Par nécessité ou par choix, le particulier peut se retrouver à la tête d'un ensemble de dispositifs pour traiter ses eaux usées, récupérer et réutiliser l'eau de pluie, se servir des eaux souterraines via un forage ou une pompe à chaleur. Du simple rôle d'usager d'un service collectif, il passe ainsi à celui d'exploitant.
De plus en plus de citoyens font ce choix, comme le montrent le boom du marché de la récupération des eaux pluviales, des pompes à chaleur ou la hausse des demandes de forage. Et l'actualité réglementaire, particulièrement riche en cette rentrée (voir p. 62), montre que le législateur répond à cet engouement et souhaite encadrer les pratiques.

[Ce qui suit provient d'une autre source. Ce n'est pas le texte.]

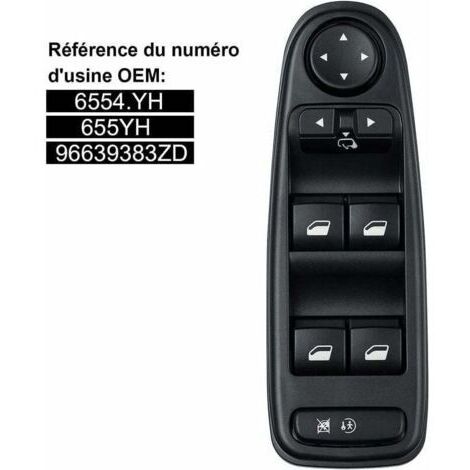 Pair Commande Leve Vitre C4 Picasso 6554.YH Commutateur Interrupteur Bouton Lève Vitre Pour Citroen C4 Grand Picasso.. (1/4)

S'il est techniquement possible de transférer au particulier ce qui est fait habituellement par la collectivité, on peut s'interroger sur la capacité d'un « simple » individu à jouer ce rôle d'exploitant. Par exemple, va-t-il surveiller régulièrement la qualité de l'eau de son forage ou de son eau de pluie stockée ? Maîtrise-t-il les tenants et les aboutissants d'un double réseau à l'intérieur de son bâtiment, et les risques liés à l'utilisation de l'eau de pluie dans un lave-linge ? Comme pour l'ANC, il est important que les services de la collectivité suivent et contrôlent ces installations, avec l'intervention d'entreprises privées qui ne devraient pas tarder à proposer une offre globale pour l'ensemble de ces dispositifs.

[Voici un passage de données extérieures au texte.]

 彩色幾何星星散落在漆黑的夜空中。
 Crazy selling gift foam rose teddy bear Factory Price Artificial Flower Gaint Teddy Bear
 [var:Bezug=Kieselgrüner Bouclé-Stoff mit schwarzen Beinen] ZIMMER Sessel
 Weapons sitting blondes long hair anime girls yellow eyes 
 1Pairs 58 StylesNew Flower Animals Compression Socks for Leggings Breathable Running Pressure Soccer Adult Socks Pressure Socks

Mais le plus important est peut-être que cette logique individuelle, dont l'un des moteurs est le développement durable, remet en cause un système collectif, qui lui aussi oeuvre pour l'environnement. Si cette tendance devait se confirmer, les contraintes qui en découleraient concerneraient tant l'exploitation (retours d'eau, purge du réseau, etc.) que l'équilibre financier (baisse des consommations d'eau, difficulté d'estimer la taxe d'assainissement à partir du volume d'eaux pluviales ou souterraines consommées, etc.).

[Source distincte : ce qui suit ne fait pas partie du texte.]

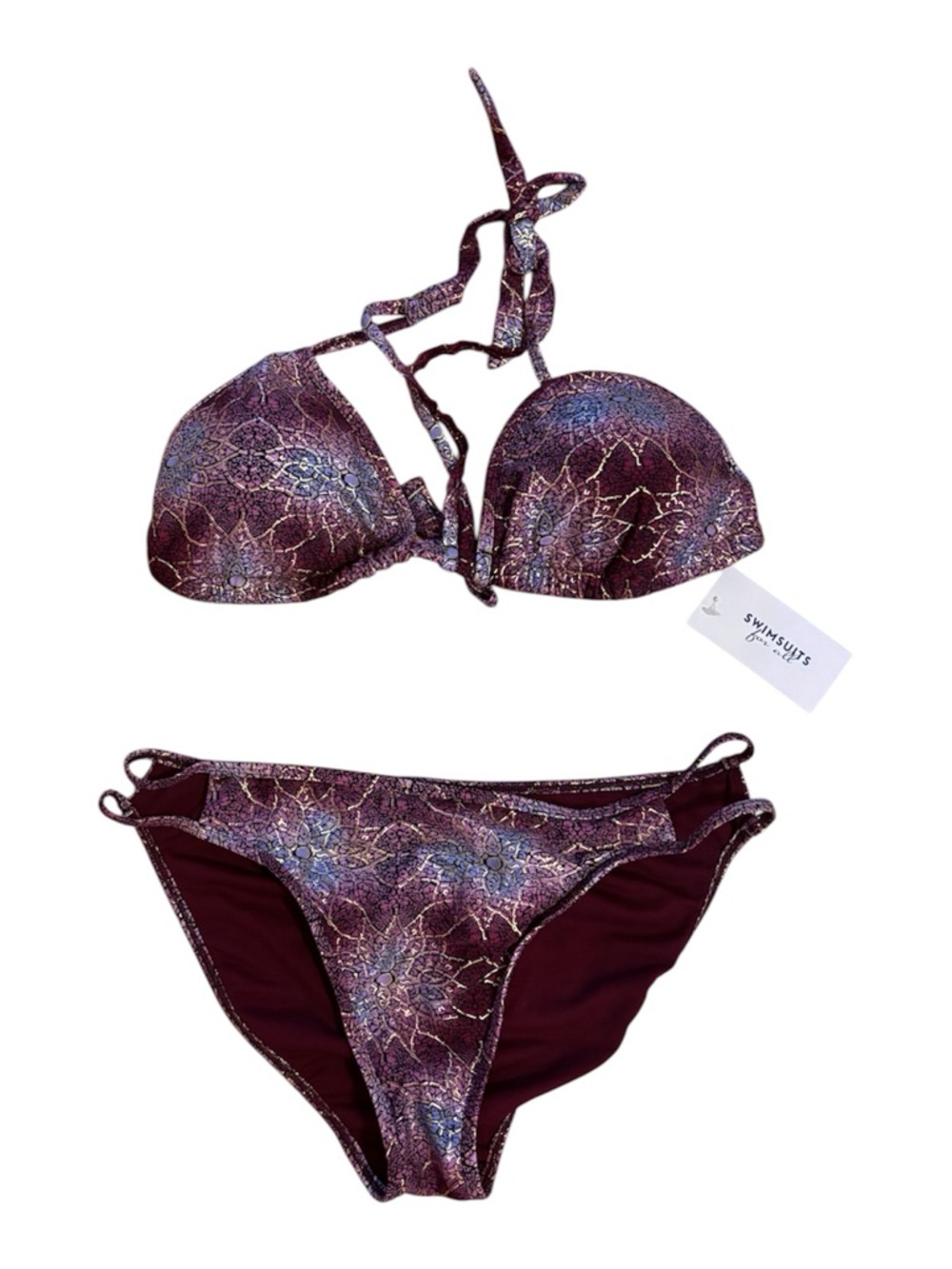 Ashley Graham Swimsuits For All Purple Metallic Bikini NWT Size 14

Le particulier est parfois loin d'imaginer ce que porte le service public de l'eau, et le chemin qu'il a parcouru depuis plus de deux cents ans - notamment en termes de santé publique -, grâce à la mutualisation des infrastructures et la construction de réseaux tentaculaires. Respecter la liberté des citoyens, permettre la mise en place de pratiques respectueuses de l'environnement tout en continuant à garantir un service public de qualité à un coût raisonnable : voilà l'un des défis des prochaines années.